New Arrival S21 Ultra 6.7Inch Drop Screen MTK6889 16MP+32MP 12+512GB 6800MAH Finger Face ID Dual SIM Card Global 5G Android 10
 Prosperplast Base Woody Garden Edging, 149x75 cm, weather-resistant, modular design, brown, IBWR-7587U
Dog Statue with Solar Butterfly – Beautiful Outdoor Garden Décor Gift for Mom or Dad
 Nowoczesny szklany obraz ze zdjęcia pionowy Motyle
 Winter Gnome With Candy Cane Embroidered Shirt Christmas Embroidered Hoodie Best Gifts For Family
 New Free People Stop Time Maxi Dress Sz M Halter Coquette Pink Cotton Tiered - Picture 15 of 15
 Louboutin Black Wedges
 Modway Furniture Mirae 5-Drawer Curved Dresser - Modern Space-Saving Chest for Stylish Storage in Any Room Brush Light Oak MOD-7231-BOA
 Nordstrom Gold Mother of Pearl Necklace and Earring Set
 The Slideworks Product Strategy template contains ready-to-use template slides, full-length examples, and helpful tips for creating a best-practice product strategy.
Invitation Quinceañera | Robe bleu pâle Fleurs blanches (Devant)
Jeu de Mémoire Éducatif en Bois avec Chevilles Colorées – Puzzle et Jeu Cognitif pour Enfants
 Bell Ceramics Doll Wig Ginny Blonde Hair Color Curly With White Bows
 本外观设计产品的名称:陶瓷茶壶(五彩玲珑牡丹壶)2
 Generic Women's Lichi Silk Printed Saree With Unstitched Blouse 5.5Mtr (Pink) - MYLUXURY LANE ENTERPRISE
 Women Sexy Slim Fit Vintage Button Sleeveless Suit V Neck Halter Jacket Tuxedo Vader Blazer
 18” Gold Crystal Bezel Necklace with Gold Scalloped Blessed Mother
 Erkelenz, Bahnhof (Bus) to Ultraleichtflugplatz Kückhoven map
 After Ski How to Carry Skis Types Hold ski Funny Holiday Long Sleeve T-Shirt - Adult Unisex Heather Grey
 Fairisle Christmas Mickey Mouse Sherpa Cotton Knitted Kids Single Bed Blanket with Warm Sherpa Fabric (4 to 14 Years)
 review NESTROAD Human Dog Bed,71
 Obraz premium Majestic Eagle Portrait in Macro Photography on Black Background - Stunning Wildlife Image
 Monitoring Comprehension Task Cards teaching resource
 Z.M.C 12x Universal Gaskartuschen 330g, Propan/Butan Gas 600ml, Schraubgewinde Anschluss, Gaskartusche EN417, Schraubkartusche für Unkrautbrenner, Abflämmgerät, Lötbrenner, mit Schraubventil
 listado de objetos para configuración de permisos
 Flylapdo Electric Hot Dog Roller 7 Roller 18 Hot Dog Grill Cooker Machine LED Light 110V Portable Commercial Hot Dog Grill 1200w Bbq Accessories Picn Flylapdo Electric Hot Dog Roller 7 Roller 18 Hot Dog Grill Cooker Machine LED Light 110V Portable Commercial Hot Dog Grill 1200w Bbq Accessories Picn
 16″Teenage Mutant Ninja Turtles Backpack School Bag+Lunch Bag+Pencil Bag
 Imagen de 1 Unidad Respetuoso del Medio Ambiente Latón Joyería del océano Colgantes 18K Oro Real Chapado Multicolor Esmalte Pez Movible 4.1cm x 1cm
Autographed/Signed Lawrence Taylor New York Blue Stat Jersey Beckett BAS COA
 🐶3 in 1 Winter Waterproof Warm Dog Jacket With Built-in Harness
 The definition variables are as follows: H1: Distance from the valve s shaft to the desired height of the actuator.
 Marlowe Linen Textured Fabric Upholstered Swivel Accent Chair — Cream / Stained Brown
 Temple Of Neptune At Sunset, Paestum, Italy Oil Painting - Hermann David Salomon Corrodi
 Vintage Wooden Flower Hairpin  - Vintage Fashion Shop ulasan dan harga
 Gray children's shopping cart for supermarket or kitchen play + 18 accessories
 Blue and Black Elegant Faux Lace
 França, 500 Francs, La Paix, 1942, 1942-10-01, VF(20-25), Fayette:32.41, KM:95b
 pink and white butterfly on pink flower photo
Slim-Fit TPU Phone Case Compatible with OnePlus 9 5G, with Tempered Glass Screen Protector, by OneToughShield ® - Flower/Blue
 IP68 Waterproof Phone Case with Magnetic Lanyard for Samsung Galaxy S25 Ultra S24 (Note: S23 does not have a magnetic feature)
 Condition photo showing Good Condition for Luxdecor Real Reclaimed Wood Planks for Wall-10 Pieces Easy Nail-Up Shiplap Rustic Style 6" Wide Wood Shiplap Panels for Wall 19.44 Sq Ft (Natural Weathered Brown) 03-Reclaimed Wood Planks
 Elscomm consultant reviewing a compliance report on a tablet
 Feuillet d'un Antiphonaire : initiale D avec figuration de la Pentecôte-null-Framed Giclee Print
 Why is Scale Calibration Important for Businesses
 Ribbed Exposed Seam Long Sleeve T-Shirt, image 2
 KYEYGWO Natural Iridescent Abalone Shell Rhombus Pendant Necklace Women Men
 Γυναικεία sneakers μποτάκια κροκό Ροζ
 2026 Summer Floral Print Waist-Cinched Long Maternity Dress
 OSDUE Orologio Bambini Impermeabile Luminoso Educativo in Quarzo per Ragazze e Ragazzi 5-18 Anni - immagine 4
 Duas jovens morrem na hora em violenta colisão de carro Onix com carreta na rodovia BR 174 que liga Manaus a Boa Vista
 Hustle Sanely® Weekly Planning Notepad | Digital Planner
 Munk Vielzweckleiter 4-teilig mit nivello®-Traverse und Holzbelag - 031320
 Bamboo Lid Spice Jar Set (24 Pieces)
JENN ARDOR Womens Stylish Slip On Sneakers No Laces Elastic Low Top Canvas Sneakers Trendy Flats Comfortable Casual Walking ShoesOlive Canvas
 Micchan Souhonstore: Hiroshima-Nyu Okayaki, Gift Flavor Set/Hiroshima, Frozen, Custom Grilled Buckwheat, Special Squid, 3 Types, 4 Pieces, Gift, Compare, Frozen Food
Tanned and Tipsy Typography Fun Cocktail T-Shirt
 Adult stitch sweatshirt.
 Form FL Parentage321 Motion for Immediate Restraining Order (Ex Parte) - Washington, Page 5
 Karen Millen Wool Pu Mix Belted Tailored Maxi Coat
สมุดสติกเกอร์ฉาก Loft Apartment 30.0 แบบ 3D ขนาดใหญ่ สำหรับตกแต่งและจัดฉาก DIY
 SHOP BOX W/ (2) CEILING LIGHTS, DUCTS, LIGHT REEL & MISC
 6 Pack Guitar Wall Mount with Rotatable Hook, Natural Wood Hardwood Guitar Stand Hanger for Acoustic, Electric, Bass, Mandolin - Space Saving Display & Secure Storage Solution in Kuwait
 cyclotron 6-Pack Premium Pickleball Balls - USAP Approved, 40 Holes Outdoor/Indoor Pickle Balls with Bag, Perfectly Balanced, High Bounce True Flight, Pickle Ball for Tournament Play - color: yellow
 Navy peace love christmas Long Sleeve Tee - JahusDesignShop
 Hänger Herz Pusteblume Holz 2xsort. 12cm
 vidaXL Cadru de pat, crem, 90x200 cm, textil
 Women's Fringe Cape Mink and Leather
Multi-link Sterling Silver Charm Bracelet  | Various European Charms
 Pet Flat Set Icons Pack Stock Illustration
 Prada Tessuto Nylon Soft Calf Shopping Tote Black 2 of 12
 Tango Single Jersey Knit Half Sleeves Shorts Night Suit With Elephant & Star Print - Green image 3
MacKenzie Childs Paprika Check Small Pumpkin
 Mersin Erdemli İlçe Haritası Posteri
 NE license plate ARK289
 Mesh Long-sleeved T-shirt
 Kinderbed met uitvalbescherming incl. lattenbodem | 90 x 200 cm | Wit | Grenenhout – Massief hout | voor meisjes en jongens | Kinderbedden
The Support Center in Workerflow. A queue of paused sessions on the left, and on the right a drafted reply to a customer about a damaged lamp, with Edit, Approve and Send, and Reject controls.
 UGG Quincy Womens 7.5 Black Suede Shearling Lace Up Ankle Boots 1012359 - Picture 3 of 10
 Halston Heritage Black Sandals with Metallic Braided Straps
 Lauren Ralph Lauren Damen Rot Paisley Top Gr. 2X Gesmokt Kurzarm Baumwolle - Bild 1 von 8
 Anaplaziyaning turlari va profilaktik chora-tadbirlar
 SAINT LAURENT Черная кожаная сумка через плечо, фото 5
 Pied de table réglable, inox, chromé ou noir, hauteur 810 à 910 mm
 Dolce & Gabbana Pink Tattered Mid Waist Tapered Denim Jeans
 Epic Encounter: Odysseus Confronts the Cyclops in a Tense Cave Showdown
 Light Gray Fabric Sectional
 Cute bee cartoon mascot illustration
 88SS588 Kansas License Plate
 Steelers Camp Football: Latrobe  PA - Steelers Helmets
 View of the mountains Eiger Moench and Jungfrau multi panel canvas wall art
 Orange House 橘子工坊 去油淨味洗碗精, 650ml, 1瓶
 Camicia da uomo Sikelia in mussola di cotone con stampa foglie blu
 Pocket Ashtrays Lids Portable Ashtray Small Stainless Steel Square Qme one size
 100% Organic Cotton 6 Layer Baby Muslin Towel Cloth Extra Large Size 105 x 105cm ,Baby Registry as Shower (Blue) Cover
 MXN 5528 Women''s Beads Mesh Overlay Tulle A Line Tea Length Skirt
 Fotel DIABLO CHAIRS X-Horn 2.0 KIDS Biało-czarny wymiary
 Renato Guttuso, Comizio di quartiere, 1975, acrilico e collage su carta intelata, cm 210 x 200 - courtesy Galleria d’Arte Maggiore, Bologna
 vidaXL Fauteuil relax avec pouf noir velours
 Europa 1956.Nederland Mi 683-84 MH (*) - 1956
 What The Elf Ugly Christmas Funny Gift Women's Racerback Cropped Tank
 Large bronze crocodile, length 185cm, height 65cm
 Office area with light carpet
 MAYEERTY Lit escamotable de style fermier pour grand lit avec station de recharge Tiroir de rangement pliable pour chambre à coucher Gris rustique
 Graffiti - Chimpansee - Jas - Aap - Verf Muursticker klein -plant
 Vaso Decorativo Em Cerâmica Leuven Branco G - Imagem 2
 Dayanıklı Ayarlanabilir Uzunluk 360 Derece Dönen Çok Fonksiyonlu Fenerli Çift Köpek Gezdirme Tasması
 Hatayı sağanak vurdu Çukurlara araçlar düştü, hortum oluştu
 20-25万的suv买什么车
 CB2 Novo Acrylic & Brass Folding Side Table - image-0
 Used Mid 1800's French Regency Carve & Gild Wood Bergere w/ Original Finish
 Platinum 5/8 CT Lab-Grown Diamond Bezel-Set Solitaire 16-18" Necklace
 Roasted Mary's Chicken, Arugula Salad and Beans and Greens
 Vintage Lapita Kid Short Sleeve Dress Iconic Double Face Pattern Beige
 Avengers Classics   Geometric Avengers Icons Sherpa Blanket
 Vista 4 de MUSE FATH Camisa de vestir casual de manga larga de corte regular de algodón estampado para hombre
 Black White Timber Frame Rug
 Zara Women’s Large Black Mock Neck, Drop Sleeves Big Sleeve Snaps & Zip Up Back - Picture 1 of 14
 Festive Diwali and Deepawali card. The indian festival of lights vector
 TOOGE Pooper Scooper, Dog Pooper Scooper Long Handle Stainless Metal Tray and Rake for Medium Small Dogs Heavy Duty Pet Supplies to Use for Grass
####################
Exercise directions> Working from the records above, tally the lines that contain "Vista" and give only the total.

Task answer> 2